Fix: Use per-token or per-channel quantization with dynamic scaling factors. Validate perplexity degradation on domain-specific benchmarks before production rollout. Consider mixed-precision caching (fp16 for recent tokens, int8 for older).
Production Bundle
Action Checklist
Decision Matrix
| Scenario | Recommended Approach | Why | Cost Impact |
|---|
| High-throughput batch processing (offline) | Static batching + Standard KV Cache | Predictable workloads allow contiguous allocation; simpler implementation | Low infrastructure cost, moderate latency |
| Real-time chat API with variable lengths | PagedAttention + Continuous Batching | Eliminates fragmentation; maintains high GPU utilization across mixed request sizes | Higher engineering cost, optimal TCO |
| Long-context research/workflows (32K+) | Sliding Window + KV Quantization (int8) | Prevents OOM; reduces memory bandwidth pressure; maintains acceptable quality | Moderate quality trade-off, significant memory savings |
| Low-latency edge deployment | Speculative Decoding + Small KV Cache | Reduces decode steps via draft model verification; minimizes memory footprint | Higher compute cost, lower latency |
Configuration Template
inference_engine:
model: "meta-llama/Llama-2-13b-hf"
dtype: "fp16"
tensor_parallel_size: 2
cache:
backend: "paged"
page_size: 16
max_context_length: 8192
eviction_policy: "sliding_window"
window_size: 4096
quantization:
enabled: false
dtype: "int8"
per_token_scaling: true
scheduling:
strategy: "continuous_batching"
max_batch_size: 32
prefill_chunk_size: 512
decode_micro_batch: 8
monitoring:
metrics:
- "cache_hit_rate"
- "hbm_bandwidth_utilization"
- "ttft_p99"
- "tokens_per_second"
alerting:
cache_fragmentation_threshold: 0.15
hbm_saturation_threshold: 0.85
Quick Start Guide
- Initialize the Cache Allocator: Deploy a page-based memory manager with a page size matching your attention kernel's optimal tile size (typically 16 or 32 tokens).
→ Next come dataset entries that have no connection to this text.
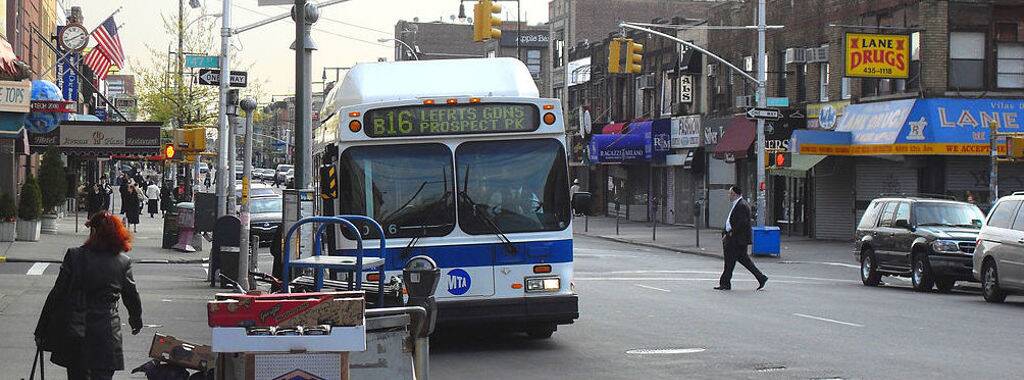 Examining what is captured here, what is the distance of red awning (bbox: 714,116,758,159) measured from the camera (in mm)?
48500

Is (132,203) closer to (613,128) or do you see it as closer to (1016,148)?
(613,128)

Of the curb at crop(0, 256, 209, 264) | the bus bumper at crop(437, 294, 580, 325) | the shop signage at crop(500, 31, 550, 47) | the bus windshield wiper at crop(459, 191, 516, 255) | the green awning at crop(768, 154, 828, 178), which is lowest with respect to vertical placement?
the curb at crop(0, 256, 209, 264)

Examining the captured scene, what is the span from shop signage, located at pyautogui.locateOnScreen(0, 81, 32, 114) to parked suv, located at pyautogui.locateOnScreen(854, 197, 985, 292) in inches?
592

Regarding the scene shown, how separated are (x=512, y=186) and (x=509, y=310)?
1.31 meters

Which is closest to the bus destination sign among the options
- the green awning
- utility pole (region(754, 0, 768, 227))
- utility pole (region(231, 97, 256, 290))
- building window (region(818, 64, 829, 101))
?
utility pole (region(231, 97, 256, 290))

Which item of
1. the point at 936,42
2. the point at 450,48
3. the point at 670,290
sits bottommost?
the point at 670,290

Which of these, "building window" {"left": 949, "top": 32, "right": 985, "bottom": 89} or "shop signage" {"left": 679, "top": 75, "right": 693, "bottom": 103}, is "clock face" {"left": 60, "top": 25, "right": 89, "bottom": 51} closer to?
"shop signage" {"left": 679, "top": 75, "right": 693, "bottom": 103}

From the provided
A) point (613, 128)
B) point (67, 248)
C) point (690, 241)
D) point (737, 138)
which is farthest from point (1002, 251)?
point (613, 128)

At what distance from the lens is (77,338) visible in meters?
9.77

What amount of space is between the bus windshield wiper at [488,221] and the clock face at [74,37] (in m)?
30.8

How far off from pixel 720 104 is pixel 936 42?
51.6 feet

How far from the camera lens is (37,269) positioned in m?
27.2

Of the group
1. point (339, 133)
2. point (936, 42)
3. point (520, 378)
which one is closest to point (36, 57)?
point (936, 42)

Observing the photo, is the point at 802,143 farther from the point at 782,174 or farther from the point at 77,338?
the point at 77,338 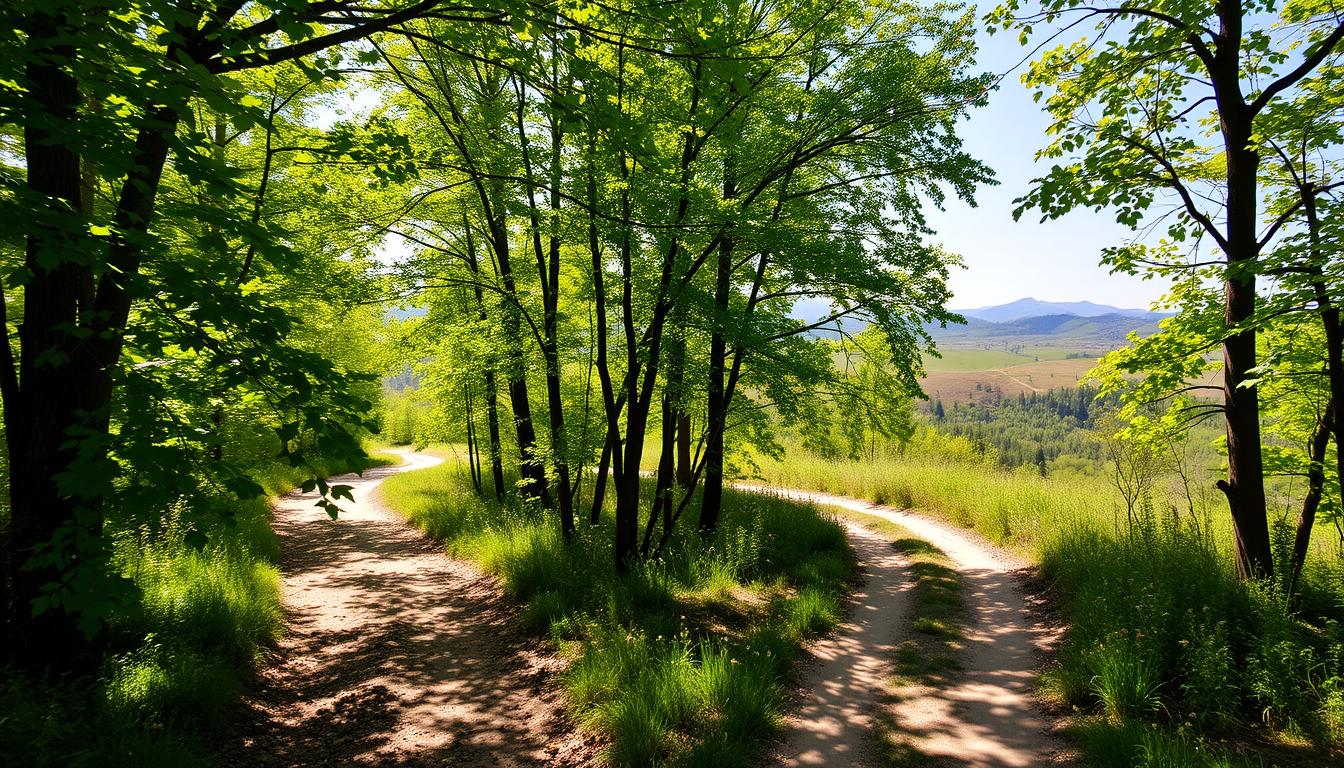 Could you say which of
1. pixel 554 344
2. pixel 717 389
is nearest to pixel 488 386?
pixel 554 344

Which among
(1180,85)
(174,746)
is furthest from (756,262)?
(174,746)

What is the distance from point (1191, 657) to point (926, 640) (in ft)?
8.61

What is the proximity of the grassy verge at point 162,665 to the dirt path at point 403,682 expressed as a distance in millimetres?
400

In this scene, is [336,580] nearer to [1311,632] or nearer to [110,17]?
[110,17]

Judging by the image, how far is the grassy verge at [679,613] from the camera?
185 inches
Configure the page pool to pre-allocate 70% of available GPU memory, reserving 30% for weights and activations.
- Configure Phase-Specific Kernels: Enable fused attention for prefill to maximize compute throughput. Switch to incremental attention kernels for decode that read only cached K/V and compute Q for the new token. Set
prefill_chunk_size to 512 to balance memory pressure and TTFT.
- Enable Continuous Batching: Replace static request queues with a dynamic scheduler that swaps completed requests with waiting ones at every decode step. Monitor batch utilization; aim for >80% active slots to amortize memory read costs.
- Validate Memory Boundaries: Run load tests with mixed sequence lengths (256 to 8192 tokens). Track cache fragmentation ratio and HBM bandwidth utilization. Adjust
max_batch_size and page_size until fragmentation stays below 5% and bandwidth utilization peaks at 80-85%.
- Deploy Monitoring & Fallbacks: Instrument cache hit rates, TTFT, and tokens-per-second. Configure automatic request queuing when cache pressure exceeds thresholds. Implement graceful degradation (e.g., sliding window eviction) before OOM triggers occur.